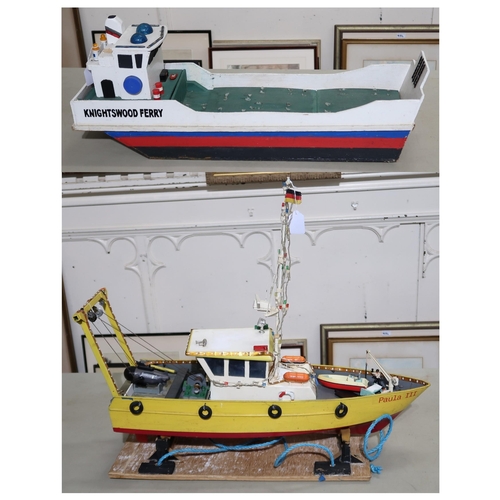 620 - An R/C pond fishing trawler 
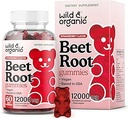 Gummie di radice di barbabietola selvatica e biologica 12000 mg - Supplementi di barbabietole rosse per le donne e gli uomini con polvere di barbabietola - 60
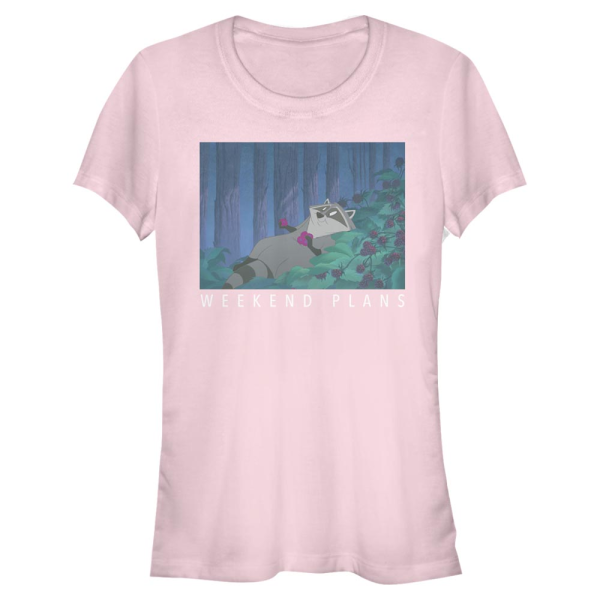 Disney - Pocahontas - Meeko Weekend - Women's T-Shirt - Pink - Front
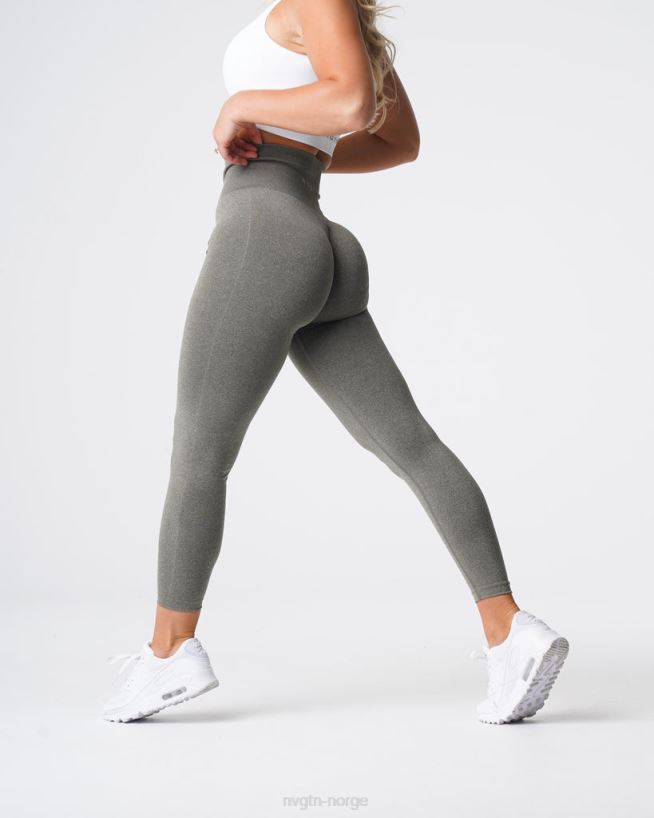 nv sømløse leggings 22RN2T588 kakigrønn Fitness NVGTN kvinner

_ _ _ _

| Exercise details |
Could you repeat all of the data exactly, minus the pictures?

| Written reply |
 620 - An R/C pond fishing trawler 
 Gummie di radice di barbabietola selvatica e biologica 12000 mg - Supplementi di barbabietole rosse per le donne e gli uomini con polvere di barbabietola - 60
 Disney - Pocahontas - Meeko Weekend - Women's T-Shirt - Pink - Front
 nv sømløse leggings 22RN2T588 kakigrønn Fitness NVGTN kvinner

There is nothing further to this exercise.